The Python programming language is a valuable tool for scientific research. Python Natural Language Toolkit (NLTK) is one of the best packages for exploratory natural language parsing and understanding (Bird 2005). Python also supports modules and package and code reuse. It also has extensive documentation which teach the concepts behind language processing tasks supported. This Project chooses python because its concept are simple and has a shallow learning curve. Python also has a good string-handling functionality. Python also permits data and methods to be used and reused easily (Bird 2005).

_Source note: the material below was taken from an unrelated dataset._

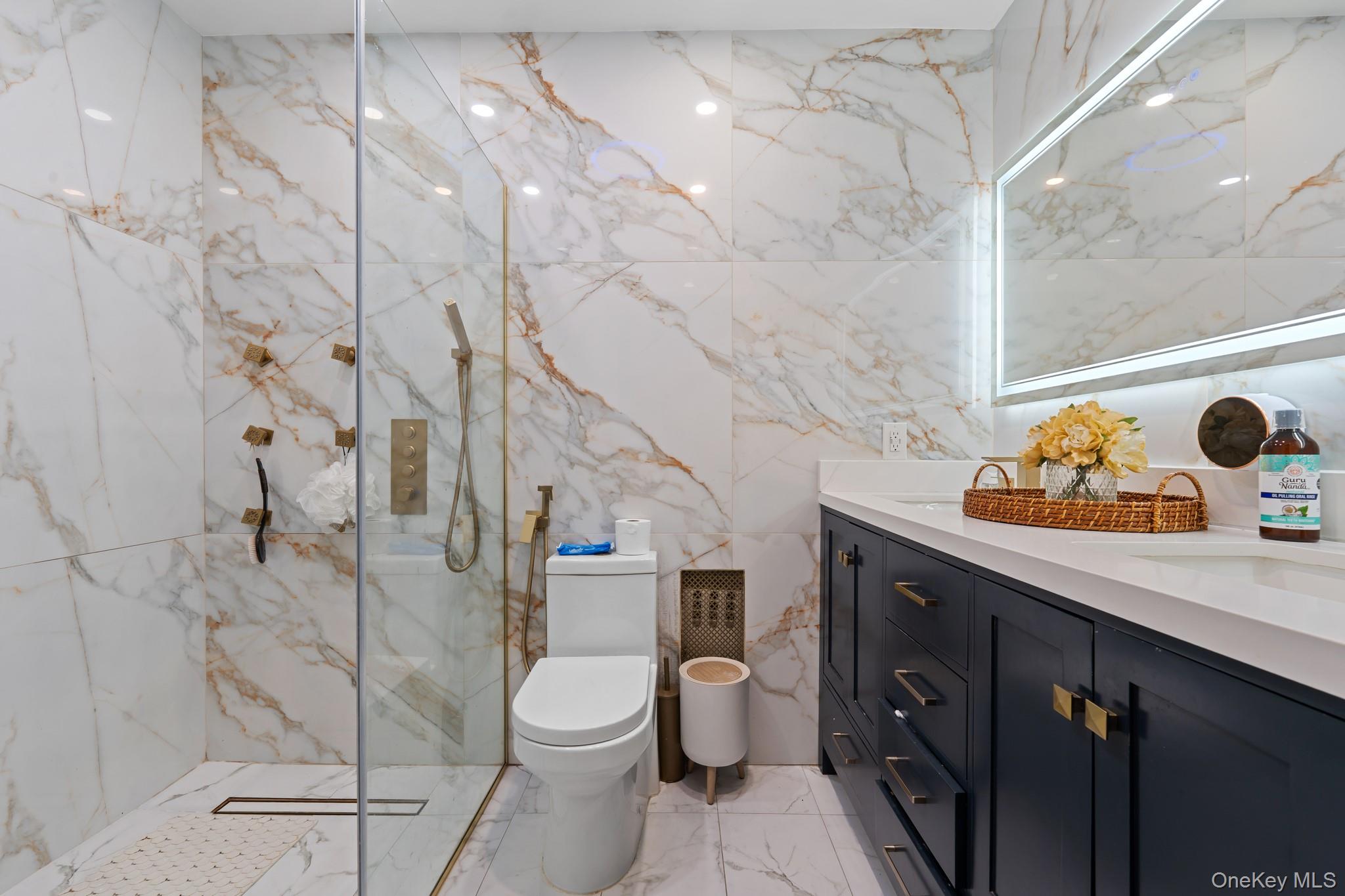 10439 90th Avenue, Richmond Hill, NY 11418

The Natural Language Toolkit consists of different program and libraries for classification, tokenization, stemming, tagging and similar algorithms which is written in Python. Bird (2005) inspired the criteria for using NLTK, stating that “NLTK is a suite of program modules, data sets and tutorials supporting research and teaching in computational linguistics and natural language processing. NLTK is written in Python and distributed under the GPL open source license. Over the past year the toolkit has been rewritten, simplifying many linguistic data structures and taking advantage of recent enhancements in the Python language.”

Sci-kit Learn

Sci-kit Learn is a machine learning library in Python. It is simple and efficient to be used for non-experts. Its goal is to provide a useful machine learning tools which can be accessible in different scientific area. It is just a library that provides machine learning algorithms to a general-purpose high-level language. It also consists of classical learning algorithms, model evaluation, and selection tools as well as preprocessing procedures (Sci-kit Learn 2015a). Sci-kit Learn also includes a collection of function which a user can import them into Python (Buitinck et al. 2013).

Previous Research

Paul (2012) worked on the similar project on the same data in Rapid Miner software. In that research, he concluded that that software did not have good accuracy and the speed of running each algorithm.
Text classification using data mining project (Kamruzzaman et al. 2005) used Naïve Bayes, decision tree and Genetic algorithm for classifying the text data, and at the end demonstrated 90% accuracy.
Kotsiantis (2007) used various supervised machine learning classification techniques such as Naïve Bayes classifier and SVM and ensemble of classifiers. He concluded that ensemble of classifiers had the best possible classification accuracy.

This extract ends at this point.